Обед литературной столовки стоил вдвое дороже советского, но был впятеро питательнее. Надбавка стоимости как бы заменяла былой членский и кооперативный взнос и содействовала образованию оборотного фонда. Клиентура литературной столовки выросла в несколько сот душ. Конечно, она не имела права профессионального подбора едоков, но он сделался сам собою. Простою записью сложилось и замкнулось крепкое писательское кольцо, настолько значительное численно, что обвело едва ли не весь петроградский литературный мир. Расторгнуть это кольцо советская власть, хотя и очень им недовольная, почла неловким и невыгодным. Ведь продовольственный кризис все обострялся, коммунистическое хозяйство фатально стремилось к краху, разрушение кооперативов уже обнаружило свою вреднейшую нелепость. Организацию с претензиями автономной самопитаемости коммуна могла отрицать и гнать по принципу, но должна была бы, собственно говоря, приветствовать ее по существу, как избавление шеи своей от обузы в несколько сот голодных ртов. К тому же Комиссариат народного просвещения в лице Луначарского и его петроградского заместителя, фамилию которого я, к сожалению, сейчас не вспоминаю, — кажется <З.Г.> Гринберг, — был бесконечно сконфужен дикостью коммунистического гонения на литературу, и если не помогал ей, то, по крайней мере, и не распинал ее, умывая руки, как Пилат. Таким образом, Дому литераторов удалось найти, правда, зыбкое, но все же равновесие — в состоянии «незамечаемости». В тени ее он и начал развиваться[1080].

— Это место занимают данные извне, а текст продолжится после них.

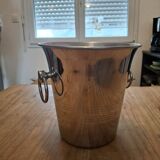 Vintage stainless steel champagne bucket – Guy Degrenne – French manufacturing, design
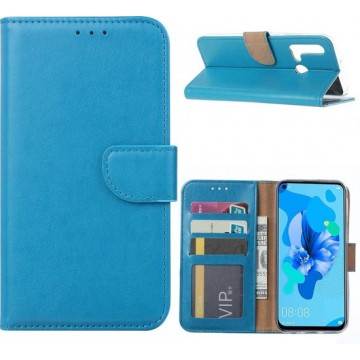 Huawei P20 Lite 2019 - Bookcase Turquoise - portemonee hoesje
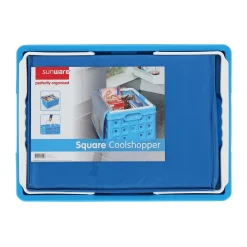 Sunware Opbergen|Koken & Tafelen>Square vouwkrat 32L blauw+koeltas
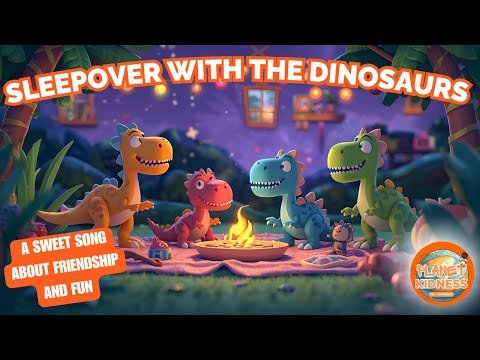 Dinosaur Bedtime Party 🦖 | A Musical Adventure About Caring and Togetherness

Некоторые живые картины домлитовской[1081] повседневности рисовала эмигрировавшая в 1921 году Татьяна Сергеевна Варшер:
Я оказалась богачкой: принесла с собой восковую свечу «трехкопеечную».
— Смотрите, смотрите, Т.С. буржуйка.
— Ради Бога, где Вы свечку достали? В церквах не дают «на вынос»…
Вокруг моей свечки собирается компания… в руках мисочки с варевом или стаканы с кофеем.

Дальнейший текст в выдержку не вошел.